Tuesday, February 24, 2015

Hillary Clinton: It's Time For Wage Equality 'Once And For All'

Hillary Clinton lamented the number of women in the fields of science, technology, engineering and math at a Silicon Valley women's conference on Tuesday, and called for more action to close the wage gap.

"Sixty percent of college graduates are now women, yet they earn only 18 percent of computer science degrees. That's actually less than half of what it was in the 1980s, when women earned 38 percent of those degrees. We're going backwards in a field that's supposed to be all about going forward," Clinton said in a keynote address at Lead On Conference for Women in Santa Clara, California, for which she was reportedly paid a whopping $300,000.

The former secretary of state addressed an overwhelmingly friendly crowd made up of many employees from Silicon Valley's biggest tech companies, including Intel, Oracle and Cisco. Introduced as a "modern day suffragette," Clinton empathized with the audience by noting the difficulties women still face in male-dominated Silicon Valley.

"You bump your heads on the glass ceilings that persist in the tech industry today," she told the attendees.

Clinton framed the need to empower women as beneficial to America's economy as a whole, and in so doing paid deference to one of Apple, Inc.'s biggest slogans.

"There are lasting consequences for them, their families, and our economy," she said of women left out of the STEM fields. "We cannot afford to leave all that talent sitting on that sidelines. To borrow a familiar phrase, it's time to think different."

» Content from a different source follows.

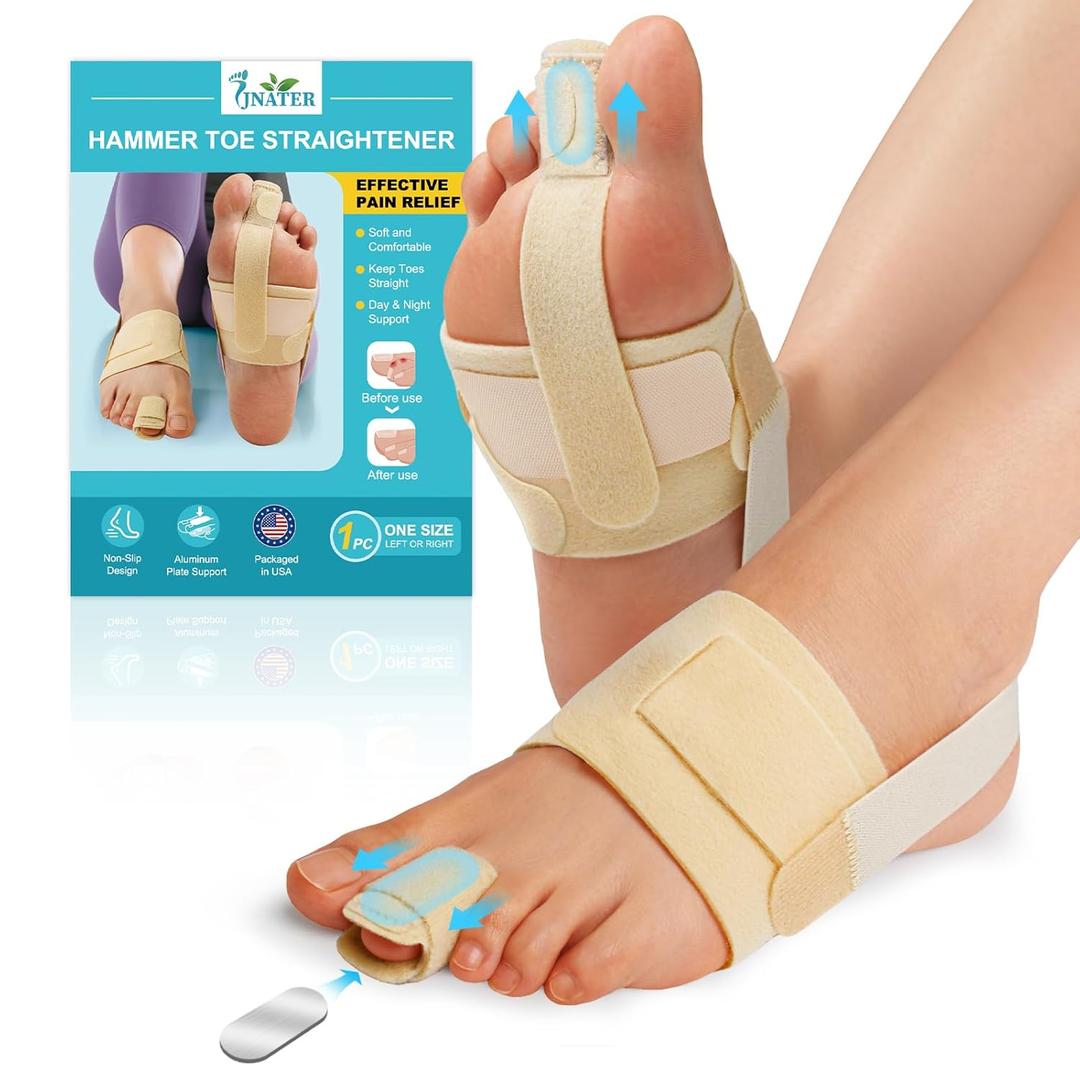 Hammer Toe Straightener - Non-Slip Hammer Toe Corrector for Women & Men, Adjustable Toe Splint for Curled, Crooked Toes, Broken Support - Day & Night Relief (1 Compression Foot Wrap & 1 Strap, Beige)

In advocating for closing the pay gap, Clinton also endorsed the impassioned plea for wage equality made by Patricia Arquette in her Oscars acceptance speech for Best Supporting Actress.

"Up and down the ladder many women are paid less for the same work, which is why we all cheered at Patricia Arquette's speech at the Oscars -- because she's right, it's time to have wage equality once and for all," Clinton said.

The likely 2016 contender drew heavily from her personal life -- her experience as a new grandmother and her time working at a law firm while pregnant -- to argue that women still had ways to go in the workplace.

"Even though things have changed in many places, in so many ways the economy is still operating like it's 1955," she said.